The number of people looking for work in the euro zone’s biggest economy surged to 4.623 million — or 11.1 per cent of the workforce — in January, the Federal Statistics Office in Nuremberg calculated.

That was the highest monthly total since March 1998 and also the highest level seen in the month of January in the past five years.

The main reasons behind the rise were not difficult to pinpoint, said labour office chief Florian Gerster.

Unemployment usually increases during the winter months for seasonal reasons, as companies, particularly in sectors such as the construction industry, lay off employees because of bad weather.

And the end of the year is also an important date for dismissals, so a lot of people usually tend to enter the labour market statistics in January.

But even after taking such factors into account, the dole queues in Germany continued to lengthen last month as the labour markets felt the brute force of the current economic downturn, Gerster said.

The Bundesbank in Frankfurt calculated that in seasonally adjusted terms the jobless total shot up to 4.274 million in January from 4.212 million in December, a much steeper increase than is usual in January.

And the seasonally adjusted jobless rate rose to 10.3 per cent from 10.1 per cent.

Labour office chief Gerster complained that “the first signs of stabilization in the economy are not yet feeding through into the labour markets.”

Observers had hoped that a rise in business and investor confidence last month, as well as an improvement in manufacturing orders and industrial output, might herald a turnaround in Germany’s economic fortunes.

But even if that were the case it would still take some time yet to feed through into the labour markets, Gerster said.

There is usually a time-lag between general economic developments and the labour markets.

Furthermore, while a number of economic indicators were tentatively beginning to point upwards, the trend was still far from consistent, Gerster said.

Thus, a turnaround was only likely to emerge on the labour markets much later this year, he predicted.

An economist at Natexis Banques Populaires, Alexandre Bourgeois, said that while the disastrous state of the labour markets was hardly a surprise, it would nevertheless come as a heavy blow to Chancellor Schroeder whose Social Democrat SDP party suffered humiliating defeats in two regional state elections at the weekend as voters punished the government for its poor handling of the economy.

Economy and Labour Minister Wolfgang Clement said in a statement that “the figures show that the difficult economic environment and the grave structural problems are continuing to hurt the labour market.
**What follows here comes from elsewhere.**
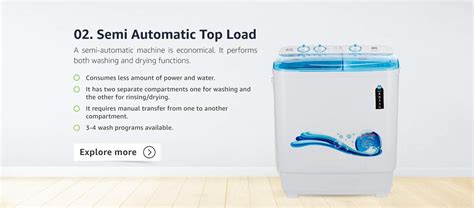 Type of Washing Machine 的图像结果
There’s no getting past these problems and the situation shows just how necessary structural reforms are.”

UBS Warburg economist Holger Fahrinkrug said he believed the rapid deterioration in the jobless numbers “will indeed make increased reform efforts likely in the months ahead.”

But “how great the chance of the reforms actually being implemented depends on political bargaining between the government and the opposition, and on how aggressively the SPD’s left wing and the trade unions defend the status quo,” he cautioned.

Morgan Stanley economist Elga Bartsch said any current labour market reforms “will have no immediate visible effect on unemployment. Indeed, with the economy likely to have slipped back into recession in the fourth quarter of last year and the first quarter of this year, unemployment will continue to rise until the autumn.”

And Commerzbank economist Ralph Solveen said a turn for the better “is unlikely to occur before the end of the year and only if the economy starts to pick up gradually this summer.”